“This most unusual career”: Vaclav Havel

This has been a tumultuous year, and it continues with the loss of one of world's greatest civilians, Vaclav Havel. I miss him already.

For me this is perhaps his most essential quote: 

…you do not become a "dissident" just because one day you decide to take up this most unusual career. Your are thrown into it by your personal sense of responsibility, combined with a complex set of external circumstances. You are cast out of existing structures and placed in a position of conflict with them. It begins with an attempt to do your work well, and ends with being branded an enemy of society. 

And right on cue, from a truly spectacular piece on the rebellion in Russia by David Remnick, here comes a perfect example of what Havel was talking about, a civilian who discovers she is a dissident.

Or something:

…there are perfectly ordinary people in Putin’s Russia who find themselves wandering into a life of activism, as if by accident. In the summer of 2007, a diminutive businesswoman named Yevgenia Chirikova was walking with her husband in an oak wood near Sheremetyevo Airport called Khimki Forest. She saw that many of the trees were marked with red paint. When she returned home, she scanned various Web sites, and learned that the government had contracted to cut a huge swath through the forest’s swamps and floodplains, felling thousands of old oaks, to make way for a new highway between Moscow and St. Petersburg.

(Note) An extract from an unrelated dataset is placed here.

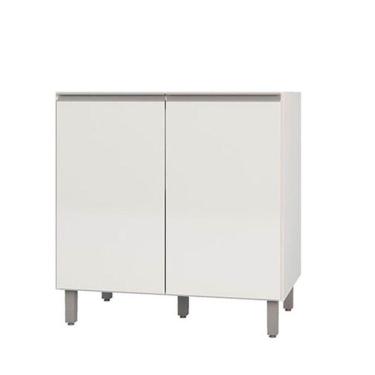 Imagem de Balcão Para Cooktop Evidence 2 Portas Sem Tampo Poliman Móveis Branco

Until then, Chirikova had been serenely upwardly mobile, concentrating on her small engineering company and her growing family. She enjoyed her walks in Khimki Forest, part of a greenbelt around the capital. “I didn’t know about the situation with Putin,” she said. “I wasn’t political. I was lazy.” Now she realized that if she didn’t raise her voice the trees in the forest would fall with barely a sound.

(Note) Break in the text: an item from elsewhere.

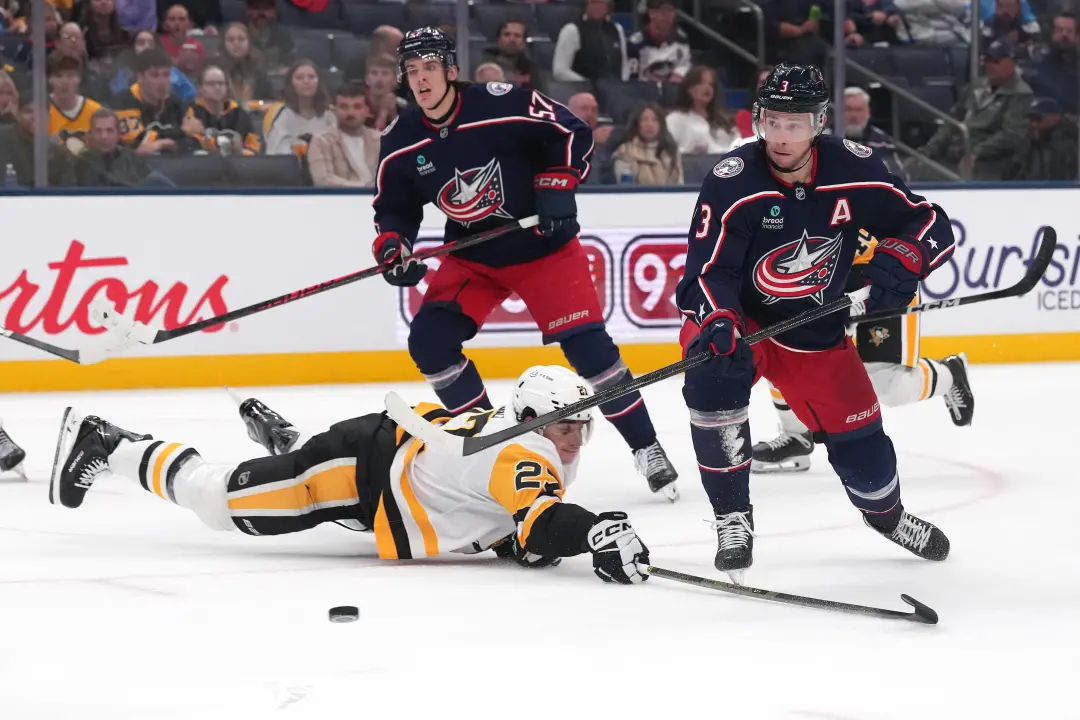 Pittsburgh perdeu por 4 a 0 pra Blue Jackets em jogo de pré-temporada, com pouca ação e só dois chutes do lado dos Peng…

Chirikova, who looks like a homier Jean Seberg, turned out to be a charismatic civic leader, making effective speeches, keeping up active Web sites and Twitter feeds, and relentlessly drawing attention to the issue. As she organized demonstrations and acts of disobedience in Khimki Forest—members of her group set up a camp there and regularly thrust themselves in front of bulldozers, getting themselves arrested, and even beaten—she learned that the oligarch most closely connected to the project was Arkady Rotenberg, Putin’s friend and judo coach. She also discovered that local officials and Vinci, the French construction firm that was doing much of the work, were supremely uninterested in her movement’s argument that the highway could easily be built without doing damage to the forest. “The letters I got back boiled down to this: If it’s a federal project, then it’s legal,” she said.

Below a portrait of Yevgenia Chirikova, in the hoodie, with her enviro activist friends: 

YevgeniaChirikova

You know how proud Havel is of her, and all such protesters. 

Published by Kit Stolz

I'm a freelance reporter and writer based in Ventura County.

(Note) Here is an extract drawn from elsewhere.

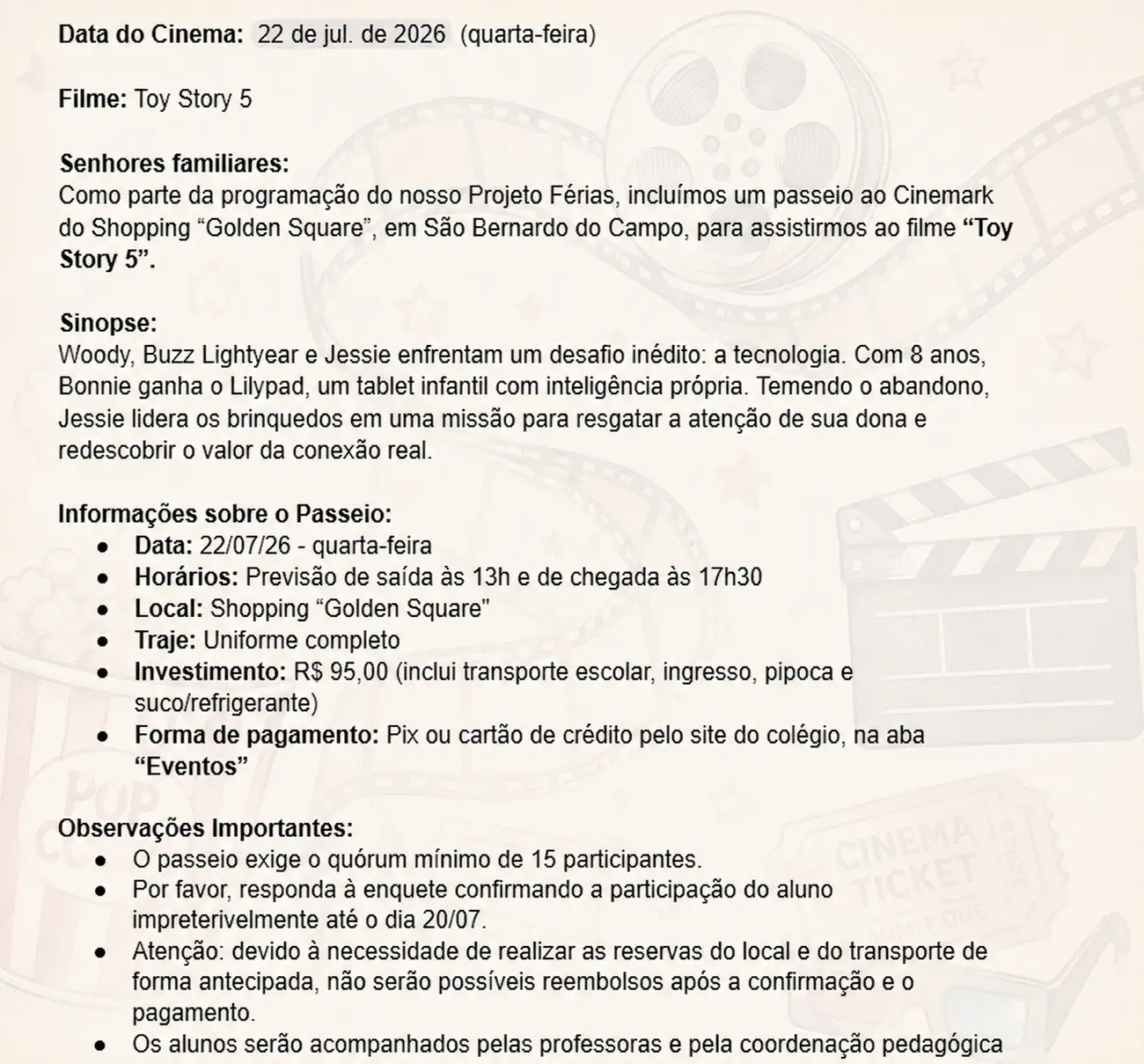 passeio cinema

One thought on ““This most unusual career”: Vaclav Havel

  1. Forgot to cite the essay from which Havel’s quote comes:, which is of course his The Power of the Powerless essay.

    Surely this has become as central to civil disobedience today as any work by the great King, Jr., or even Thoreau.

    http://www.vaclavhavel.cz/showtrans.php?cat=clanky&val=72_aj_clanky.html&typ=HTML

    (Can’t really recommend reading it in that awful font above, but the point is that it’s readily accessible and worth every minute of the reading.)